The Quarter Bet: Time to Flip the Script
Published on Sunday, July 30th, 2006 by reubenBack in March, Cory Ondrejka, CTO of Linden Lab bet Dmitri Williams a quarter that within 2 years, Second Life would have more North American subscribers than World of Warcraft.
Since then, the debate raged and raged.

I managed to add fuel to the flames by doing the math and calculating what would happen if the current growth figures for Second Life continue.
Recently, Cory pointed out the inherent silliness of the WOW vs. SL grudgematch:
“To compare SL’s growth curve to any existing MMORPG is a little silly. WoW launched with approximately $10 trillion in advertising (I may be off by a factor of 2 one way or the other), like all other MMORPGs, and is primarily driven by retail sales. SL launched with approximately $0 in marketing and is completely based on viral, referral growth.”
Amen. It’s really interesting to watch this debate unfold but ultimately frustating because its almost intrinsically doomed because of the the apples to oranges problem. Although Second Life looks like an MMORPG and uses much of the same tech, the similarities sort of end there. Both in terms of adoption and usage patterns, Second Life’s growth has been much more like that of the Internet than like a single game title.

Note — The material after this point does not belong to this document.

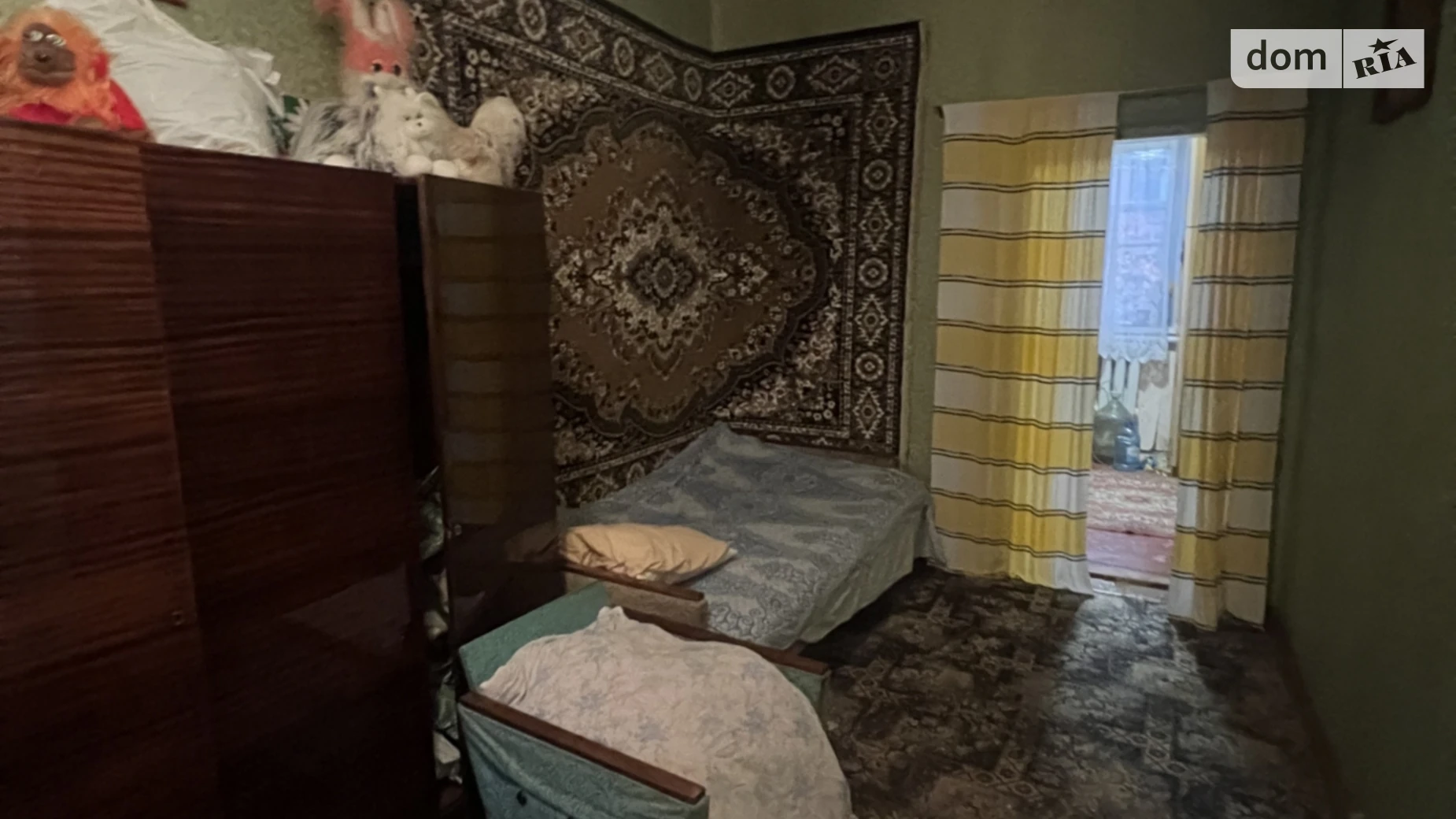 Продается одноэтажный дом 75 кв. м с подвалом, цена: 38000 $ - фото 4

My prediction and hope is that it will continue to do so (grow like the Net). In fact, one could argue that the accelerating success of SL is the result of a series of conscious anti-MMORPG-model decisons. Listed briefly these would be user created content, user ownership of their own content, the allowing of free trade in virtual items and finally the move to a free model where the majority of free users support the paying minority and allow them to pay much larger monthly fees.
For SL to continue to move toward an Internet-like model, it will require sustained vision and counterintuitive decision making on the part of Linden Lab. Specifically, to accomodate the scope of their vision, they will need to continue to sacrifice control and/or ownership of slices of the software stack, placing those in the hands of users or 3rd Party companies.
To me the question isn’t will SL catch WOW, it’s when. And while it’s fine for us to spend our time arguing over definitions of users or time spent in world, the truth is that SL and WOW are radically different beasts. WOW is arguably the most polished example of MMORPG the world has seen to date — this type of highly orchestrated and refined content is something that distributed content creation will never (IMHO) threaten. I’d love to be proven wrong and will be overjoyed to sit enthralled in the audience watching a movie like Titanic that was made by thousands of loosely connected prosumers, but I highly doubt it’ll happen. And hence, there’ll always be room for WOW and it’s sucessors.
SL is something radically different and ultimately much larger. What I’d love to see is a shift in focus, away from the “Who’s Bigger and Badder?” debate. Instead, why don’t we start puzzling out the really tough problem of how Second Life (and ultimately others like it) should handle the radically difficult problems and great responsiblity that come with creating a true 3-D internet.